Trauma-Informed Yoga
Trauma. In a moment all that once what was shifts. Changes. After nothing was as it had been. Trauma makes you long to know who you are. Makes you question everything you want or like or love. Leaves you alone not sure which direction is right. All these thoughts running through the mind, what if this didn’t happen. What did happen? What if I am imagining all the feelings arising? Who can see me if I can’t see myself? Trauma leaves me uncertain and unsure. Questioning what others intentions are. Asking am I ok? Am I ok? Such a simple question yet the answer always seems out of reach. In a flash, those moments the trauma can come back. Quickly. Feeling it still even through time as deep as it was the first time. Pain. Loss. Uncertainty. Confusion. What does safety look like now when the strings of connection have been broken? How to wrap the mind around this to make sense of senseless things.

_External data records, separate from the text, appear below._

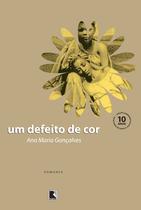 Livro Um Defeito de Cor Livro Um Defeito de Cor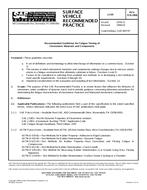 SAE J1183-1998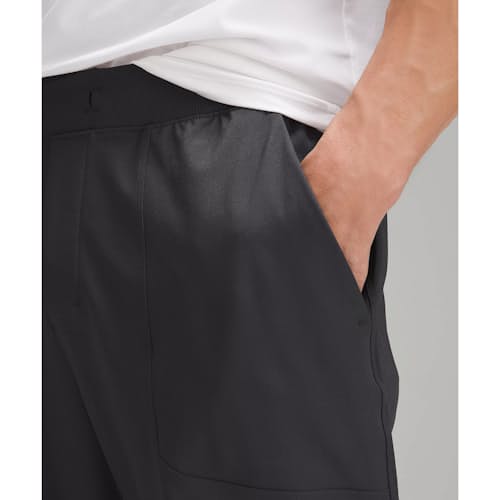 on model image of ABC Jogger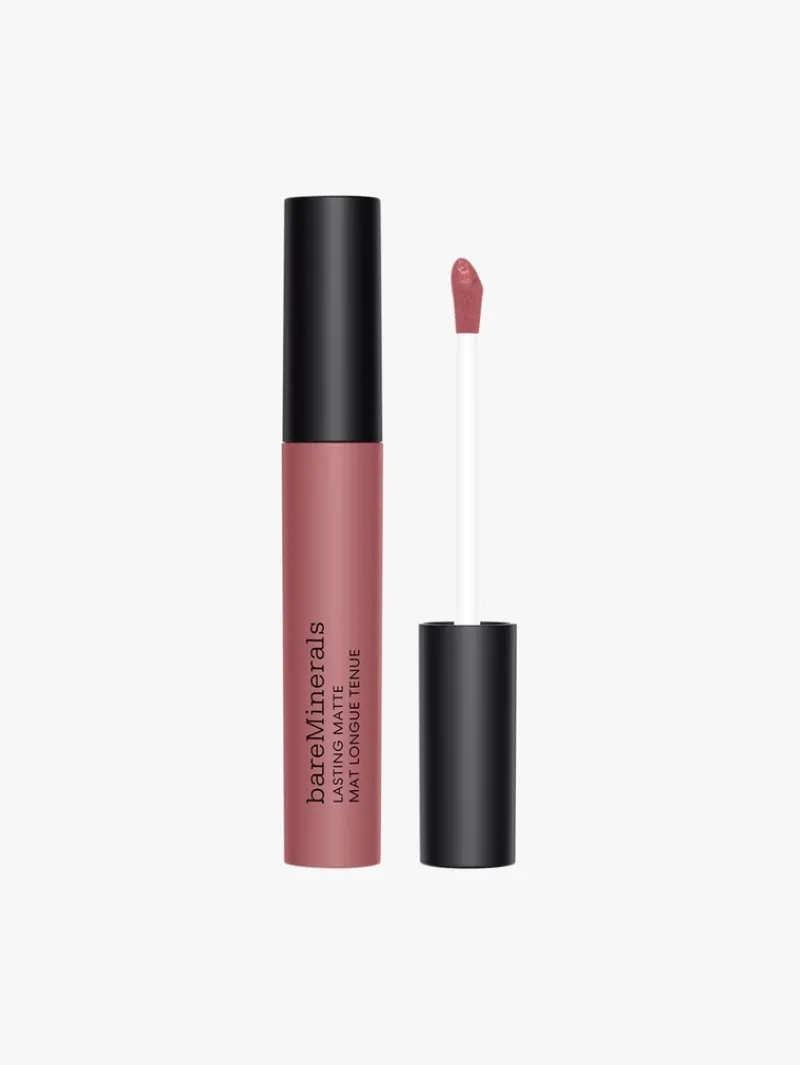 bareMinerals Mineralist Comfort Matte Liquid Lipcolor | MECCA Sale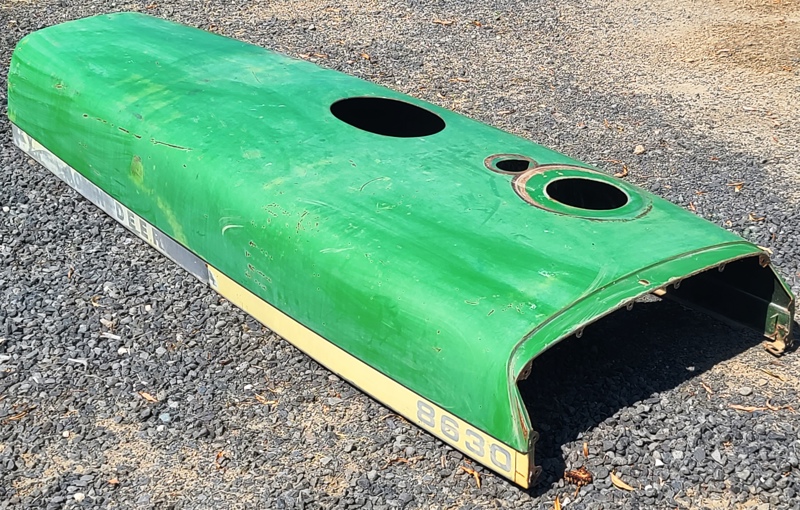 John Deere Hood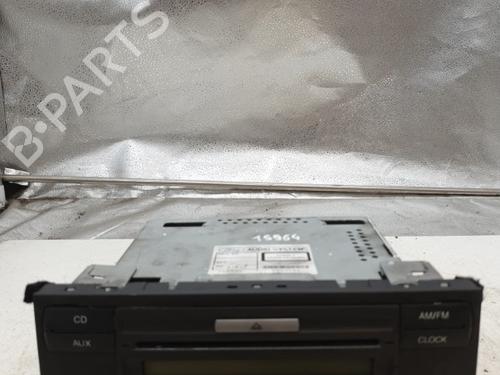 Used Radio FORD FOCUS C-MAX (DM2) 1.6 TDCi (90 hp) 22864707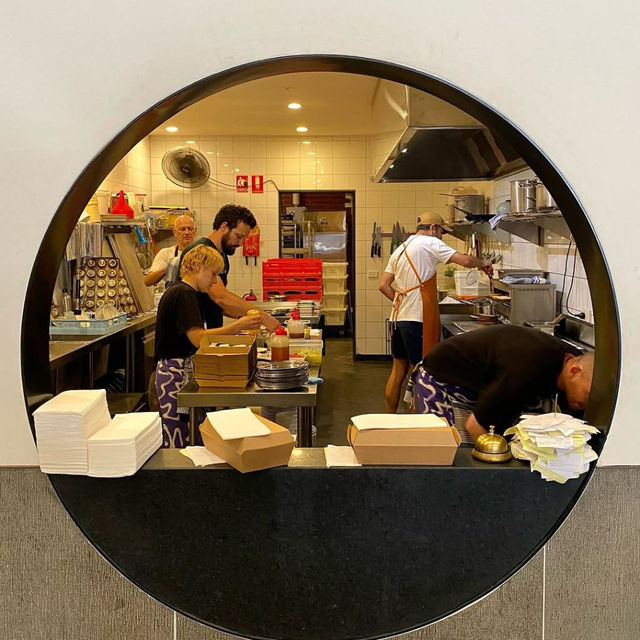 Wild Life Bakery Brunswick East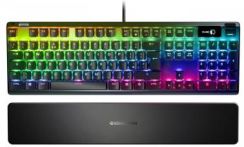 SteelSeries Apex PRO OmniPoint (64626) recenzja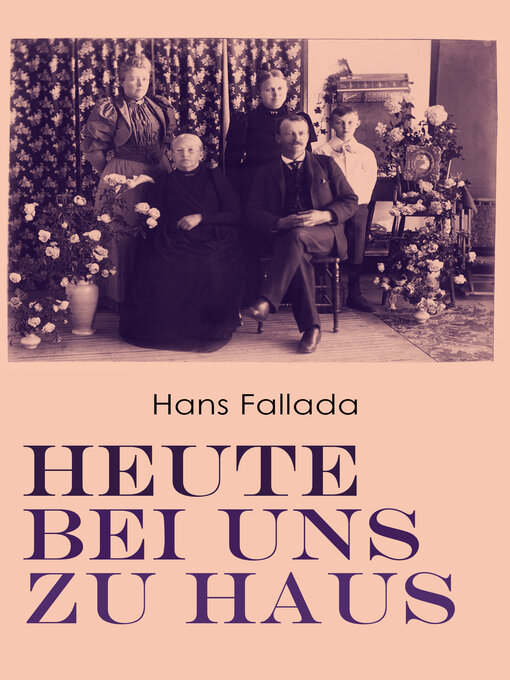 Heute Bei Uns Zu Haus Rafbokasafnid Overdrive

Yoga lets me come inside to breathe. Softens the anger, pain, hurt, all that one carries. Breath settles. Mind settles. The body begins to reclaim itself. Simple movements allow for this. Beginning to make choices. What feels good in my body? Breath. Movement. Stillness. Yoga allows for choice to be used. Choice empowers. Creates a sense of control. To know what feels good and what doesn’t. In the body. In the mind. In the heart. Deciding for yourself which way to move here and now and then later. To be healed from what has invaded or broken. For our souls and our deepest feelings to be awakened. Felt and realized.
Trauma-informed yoga allows a focus on the present moment experiencing of the body creating awareness of the connection between the mind and body. Which has been shown to increase awareness of how clients/participants notice feelings in the physical body and from there begin to tolerate their emotional states longer and with a sense of safety. It aims to give control to the client/participant creating a sense of empowerment and ownership over one's body which has often been taken away during trauma.
Trauma-informed yoga helps build skills for emotional regulation and growing a deeper sense of connection to understanding and listening to one's body and what it needs.